Fargo-Moorhead RedHawks
In 2012, he pitched for the Fargo-Moorhead Redhawks of the independent American Association, going 12–3 with a 3.29 ERA (6th in the league) in 23 games (17 starts) over 123 innings with 105 strikeouts (6th in the league) and 30 walks. His 12 wins tied for second-best in the league, and his strikeouts/walks ratio of 3.50 was 7th-best in the league.

Washington Nationals
In December 2012 the Washington Nationals signed Herron as a free agent to a minor league contract.  In 2013, he pitched for the Potomac Nationals of the Class A-Advanced Carolina League, for whom he was 1–1 with one save and a 1.70 ERA as he struck out 32 batters in 20.1 innings as he kept opponents to a .222 batting average, and the Harrisburg Senators of the AA Eastern League for whom he was 6–2 with five saves and a 3.11 ERA as he struck out 58 batters in 46.1 innings and kept opponents to a .247 batting average.

Pitching for the Indios de Mayagüez in the winter of 2013, in the Puerto Rico Liga de Béisbol Profesional Roberto Clemente, in 19 games (third in the league) in relief Herron was 1–0 with 12 saves and a 0.84 ERA (leading the league, for all pitchers with 20 or more innings pitched).

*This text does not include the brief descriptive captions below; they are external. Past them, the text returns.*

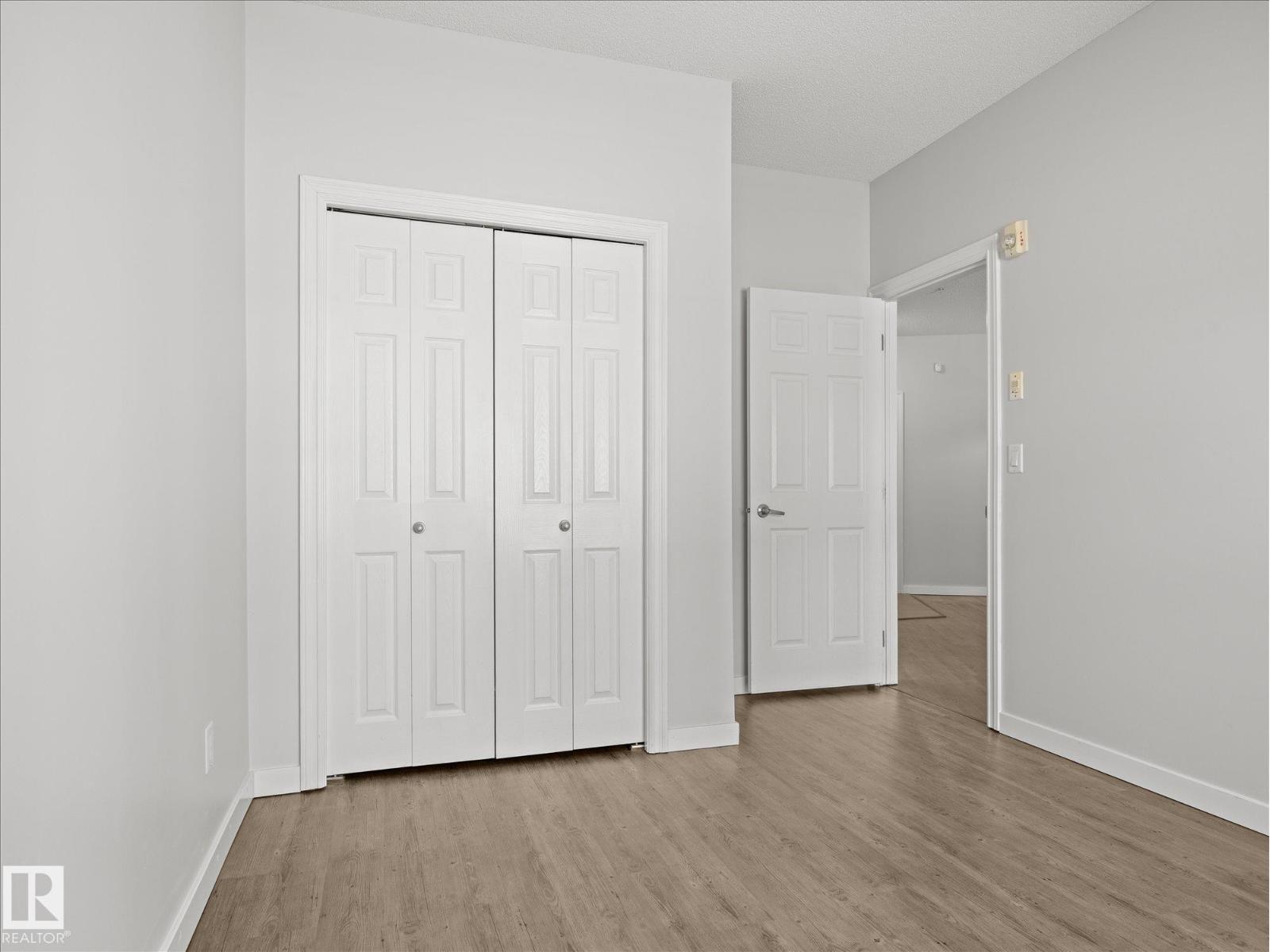 #126 263 Macewan Rd Sw, Edmonton, Alberta  T6W 0C4 - Photo 18 - E4492568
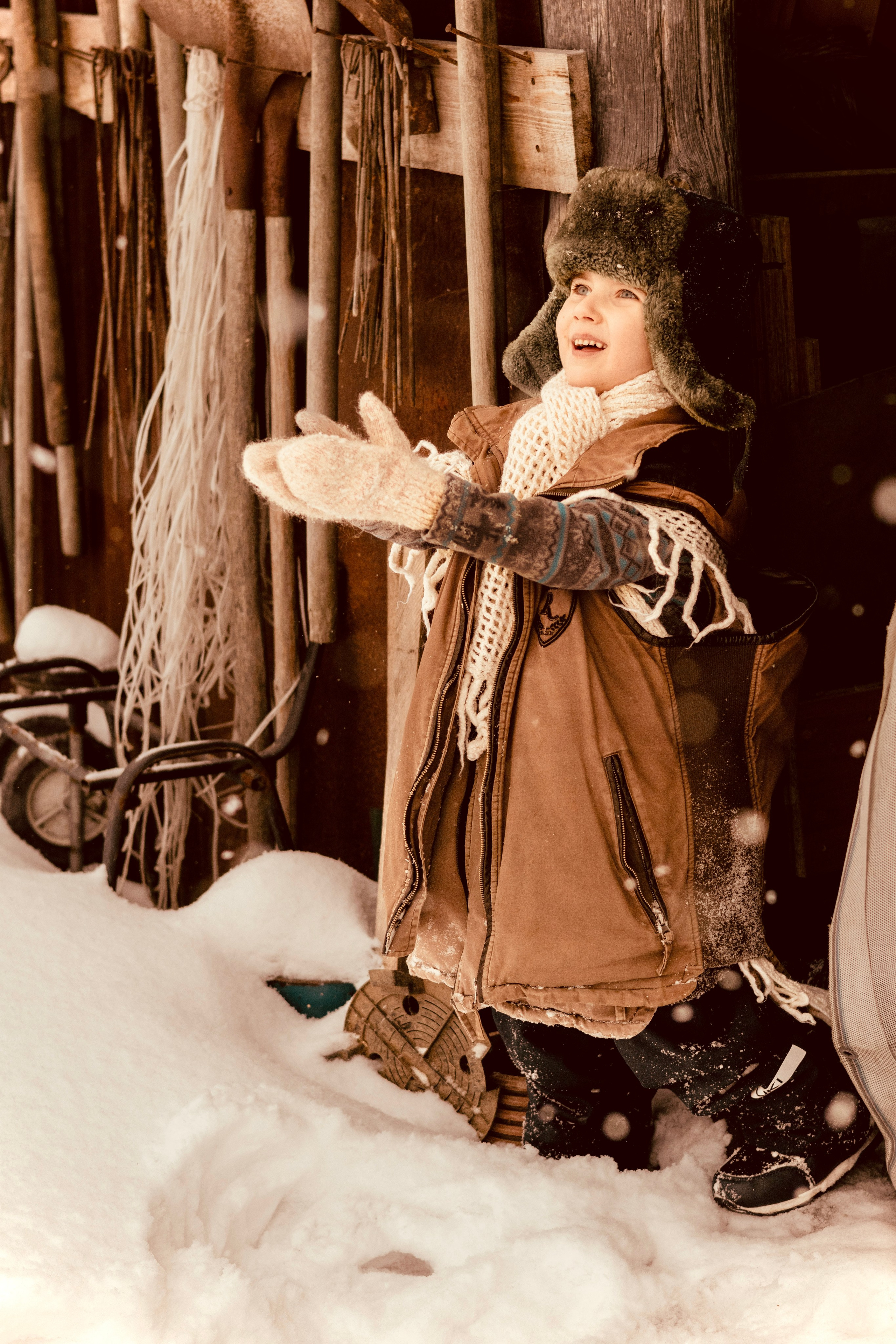 Детские съёмки. Фотограф-путешественник на побережье Краснодарского края и в Сибири!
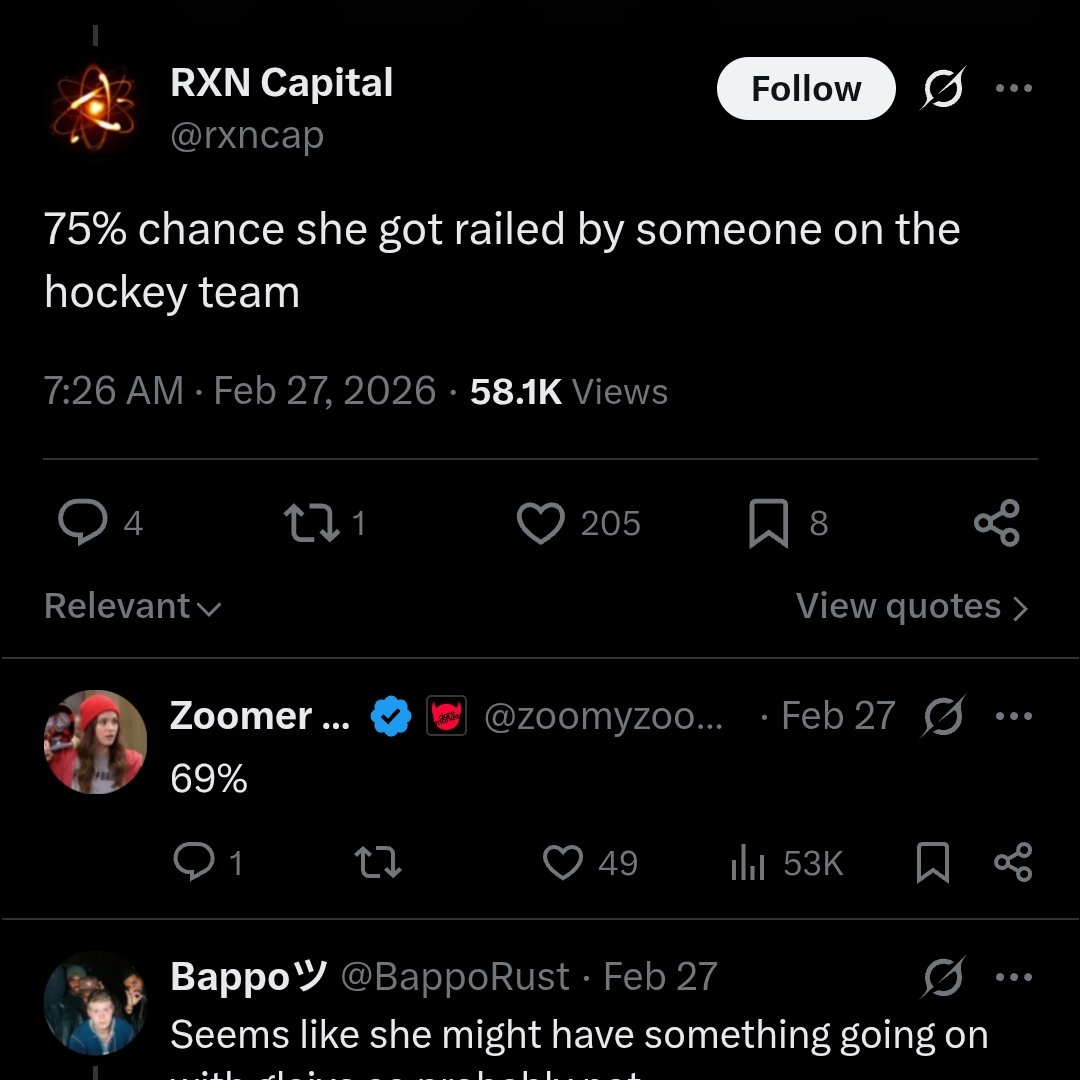 𑣲Lawliet XXS of shedtwt tweet media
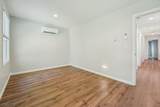 57 Riverlawn Dr - Photo 6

In 2014, Herron pitched for the Harrisburg Senators for whom he was 3–2 with six saves and a 2.73 ERA in 48 relief appearances (tied for 6th in the league), and for the Syracuse Chiefs of the AAA International League for whom he pitched 1.2 innings.

Pitching for the Indios de Mayagüez in the winter of 2014, he was a post-season Puerto Rico Liga de Béisbol Profesional Roberto Clemente All Star.  Pitching for Puerto Rico in 2014, Herron was a Caribbean World Series All Star.

Fargo-Moorhead RedHawks (second stint)
In 2015, Herron pitched for the Fargo-Moorhead RedHawks of the American Association, and was 6–7 with a 4.47 ERA in 20 starts, tied for second in the league with four complete games and two shutouts, and was third in the American Association with 119 strikeouts in 131 innings. Pitching for the Indios de Mayagüez in the Puerto Rico Liga de Béisbol Profesional Roberto Clemente in the winter of 2015, he was 5–2 with a 1.96 ERA in 18 relief appearances.

In 2016, pitching for the Fargo-Moorhead RedHawks, he led the American Association with a 0.80 ERA in 56 innings in which he walked 12 batters, had a 5–1 record with two shutouts, and held opponents to a .161 batting average, at the time he was signed by the Mets.

New York Mets
In June 2016 the New York Mets signed Herron as a free agent to a minor league contract. In 2016, he pitched for the Binghamton Mets of the AA Eastern League for whom he was 2–6 with a 6.32 ERA in 11 starts, and the Las Vegas 51s of the AAA Pacific Coast League for whom he was 1–0 with a 2.70 ERA. In November 2016 he elected to become a free agent.

Tigres de Quintana Roo
On March 28, 2017, Herron signed with the Tigres de Quintana Roo of the Mexican Baseball League. He made 12 starts, finishing with a record of 3–5 and a 5.52 ERA before he was released on June 11, 2017.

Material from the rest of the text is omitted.